● **Exercise directions**
Set down precisely the lines from the line with "Minimalistisch Elegant Klassiek" through the end of the material, inclusive, and no pictures.

● **Data for the task**
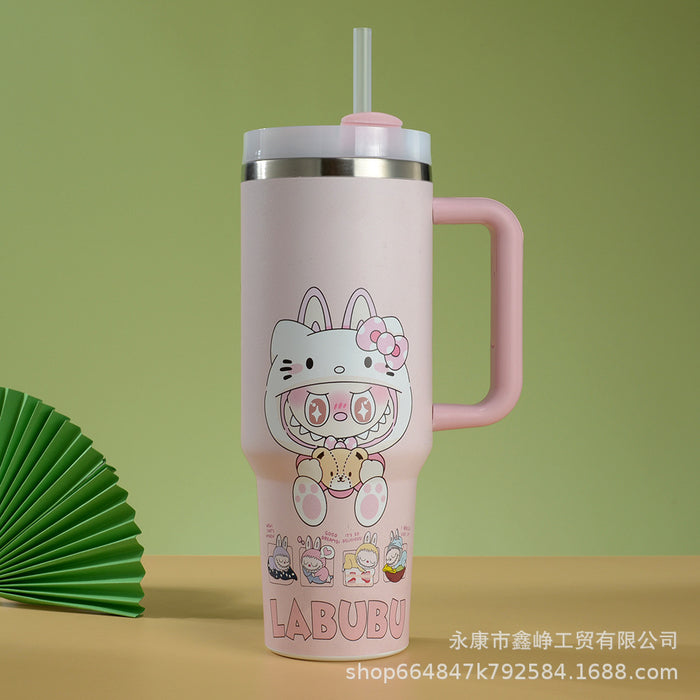Wholesale 40oz Stainless Steel Thermal Insulation Cup Cartoon Car Cup with Handle and Straw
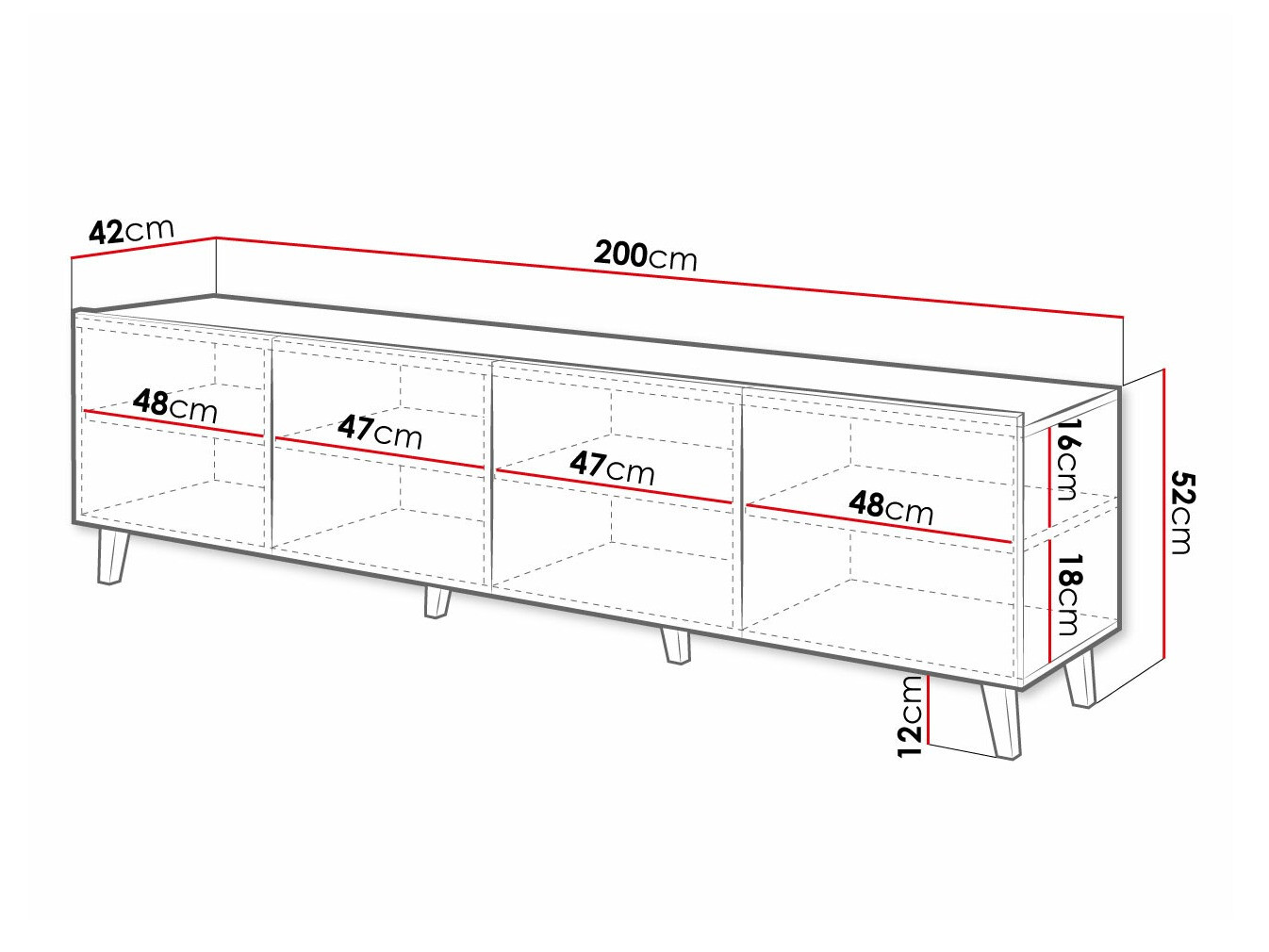 TV sto Charlotte 174 (Crno)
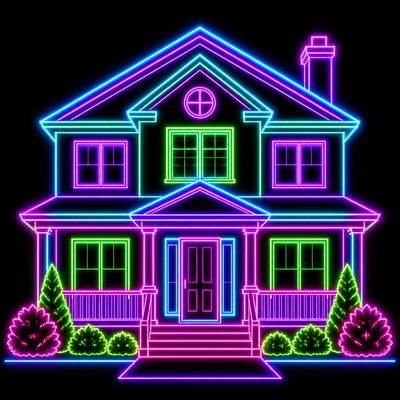 house with front view — Neon Outline Style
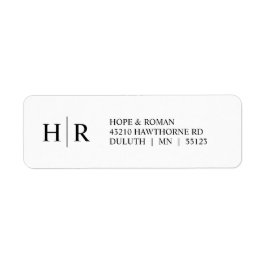 Minimalistisch Elegant Klassiek Zwart Wit Monogram Etiket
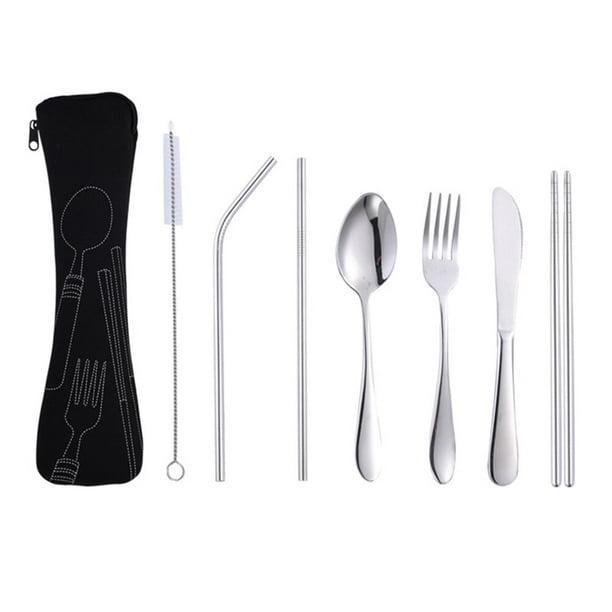 EeaseMX Juego de 7 piezas de vajilla portátil de acero inoxidable para exteriores, con cuchara, tenedor y palillos, con bolsa de tela (negro)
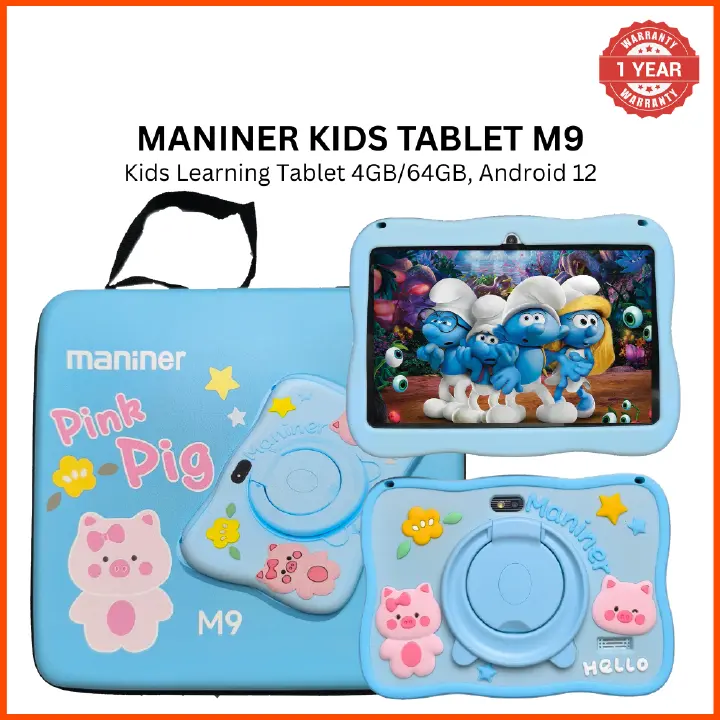 MANINER M9 Kids Learning Tablet - 7” Screen, Educational Games, Parental Control, For Ages 3-12 , Durable Case, Fun Learning Apps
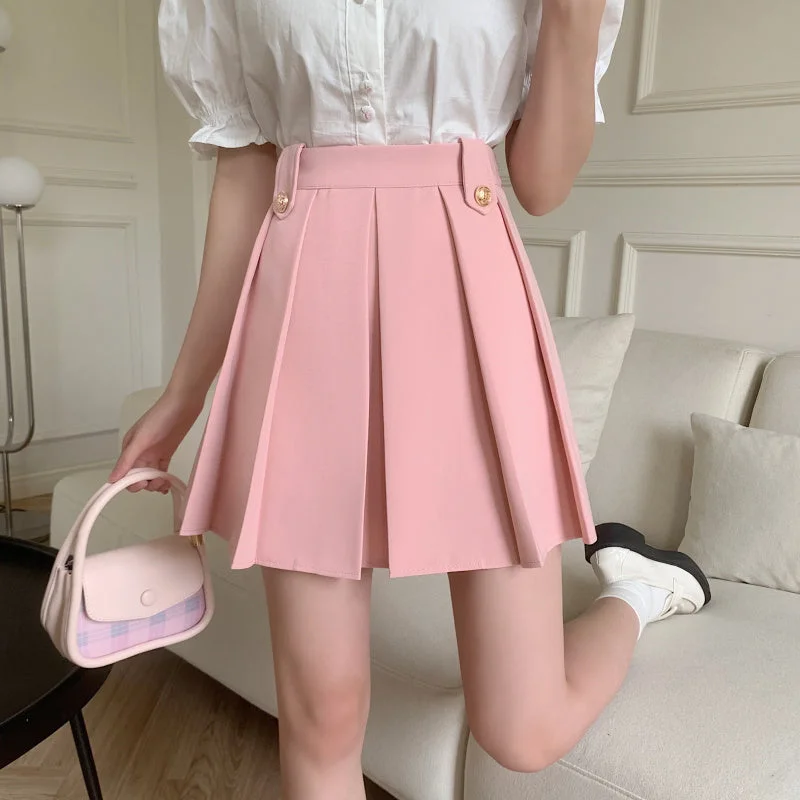 Pink Pleated Skirt  PL52352 velvet skirt plush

● **Response to this task**
 Minimalistisch Elegant Klassiek Zwart Wit Monogram Etiket
 EeaseMX Juego de 7 piezas de vajilla portátil de acero inoxidable para exteriores, con cuchara, tenedor y palillos, con bolsa de tela (negro)
 MANINER M9 Kids Learning Tablet - 7” Screen, Educational Games, Parental Control, For Ages 3-12 , Durable Case, Fun Learning Apps
 Pink Pleated Skirt  PL52352 velvet skirt plush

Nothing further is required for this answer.